As I said at the start of my speech, domestic and family violence is an insidious blight on our community, and this bill seeks to make a small step towards its eradication by supporting the victims. I commend the bill to the house.

The Hon. C. BONAROS (16:51): I rise on behalf of SA-Best to speak in support of the Fair Work (Family and Domestic Violence Leave) Amendment Bill 2022. In doing so, I echo the sentiments of my colleagues from across the chamber and the political landscape. This bill has been a long time coming, and, frankly, I think that all of us would agree that a scheme like this should have been implemented years ago. That said, I am pleased to see the government implementing family and domestic violence leave now by legislation.

Our judicial system has taken steps to recognise the importance of a paid leave scheme for family and domestic violence victims, resulting from the family and domestic violence leave review carried out by the Fair Work Commission in 2021. The bill provides a much-needed safety net for those experiencing the devastating and often ongoing effects of domestic violence and stands as acknowledgement that family and domestic violence comes in all manner of forms that are not immediately visible to others but have the same crippling and devastating effects.

It is a step in the right direction in acknowledging the need to identify with the added and particular externalities impacting a person's life when they are a victim of family and domestic violence. Domestic violence, as we have heard and as we all know, has a huge impact on victims in the workplace in South Australia. A supportive, non-pecuniary scheme to enshrine victims' rights, as they relate to the workplace, is well overdue.

The scale of issues that domestic violence victims face is expansive, as we know, ranging from disputes over parenting arrangements, ongoing safety concerns, and accommodation—be it urgent or struggling with long-term options—to being discriminated against unfairly in the workplace because of the deferment of personal resources required by a person experiencing family and domestic violence away from their workplace, which inevitably results in discrimination.

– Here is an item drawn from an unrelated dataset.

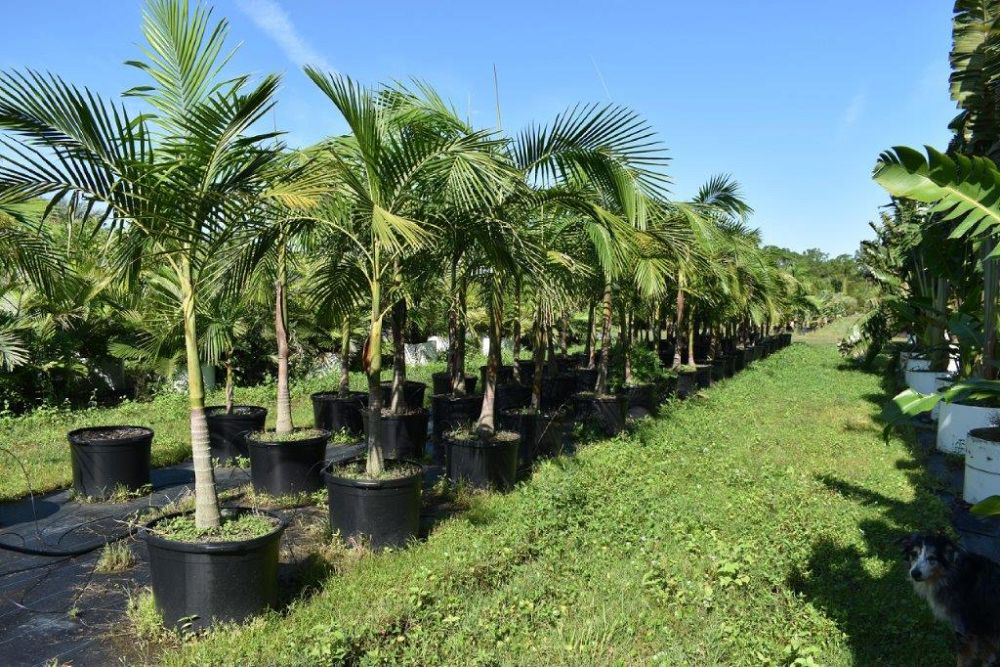 archontophoenix-cunninghamiana-illawarra-piccabeen-palm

People experiencing domestic violence have varied experiences and restrictions imposed on them. For instance, many victims may be prevented from attending job interviews or participating in training opportunities due to fear of their abuser. The level of emotional stress that many family and domestic violence victims experience is monumental, which can have significant impacts on the victim's ability to concentrate, to make decisions, to complete tasks in the workplace and to be present in the workplace. That these victims are able to even carry out their workplace responsibilities at all is a true testament to their strength while facing overwhelming personal crises and circumstances.

So it is a step in the right direction to guarantee that affected employees in South Australia can take time off work to seek help, attend legal proceedings and court dates, find suitable accommodation and access medical and other support services without sacrificing their financial security and avoiding plunging the victims into financial hardship.

Essential to this bill is the recognition that until recently people experiencing family and domestic violence could be discriminated and marginalised in workplaces due to the stigma associated with being a victim. The bill, I am pleased, seeks to promote the protection against discrimination through a confidentiality process applied to the leave form which no longer requires family and domestic violence to be recorded as the category of leave type, and information pertaining to family and domestic violence is not shared between agencies. I note that there are some further changes that we will see to deal with that.

I note that the bill does not prescribe a threshold of evidence required should an employee request further particulars, but the Attorney has assured us in his second reading that the threshold is not intended to be high, as evidence such as police documents, referrals from health practitioners and support services, court documents, as well as personal letters or stat decs would suffice.

I think there is some concern that we have raised about the requirement for victims who are in circumstances which are unique and where escaping family and domestic violence is a matter of urgency but, due to the nature of the abuse, a victim may not have any formal documentation as evidence in support of family and domestic violence leave, or where no documentation of family and domestic violence exists because of the oppressive nature of the abuser and fears that victims have in relation to retribution which, unfortunately, is a lot more common than we might otherwise believe.

While the bill only goes so far as to cover the public sector, critically it also encompasses provision for casual workers, which is a very positive step. The 2020-21 Family and Domestic Violence Leave Review found that women experiencing family and domestic violence are more likely to be employed in a casual part-time work role when compared with women who have not experienced family or domestic violence. That is a shocking statistic, but it is also evidence as to why it is important that casual workers be covered by the scope of the bill. An annual Bureau of Statistics personal safety of Australians survey in 2016 found that one in three—or 31 per cent—of women have experienced physical and/or sexual violence perpetrated by a man they know, and one in four—or 23 per cent—experienced physical and emotional abuse by a current or former partner.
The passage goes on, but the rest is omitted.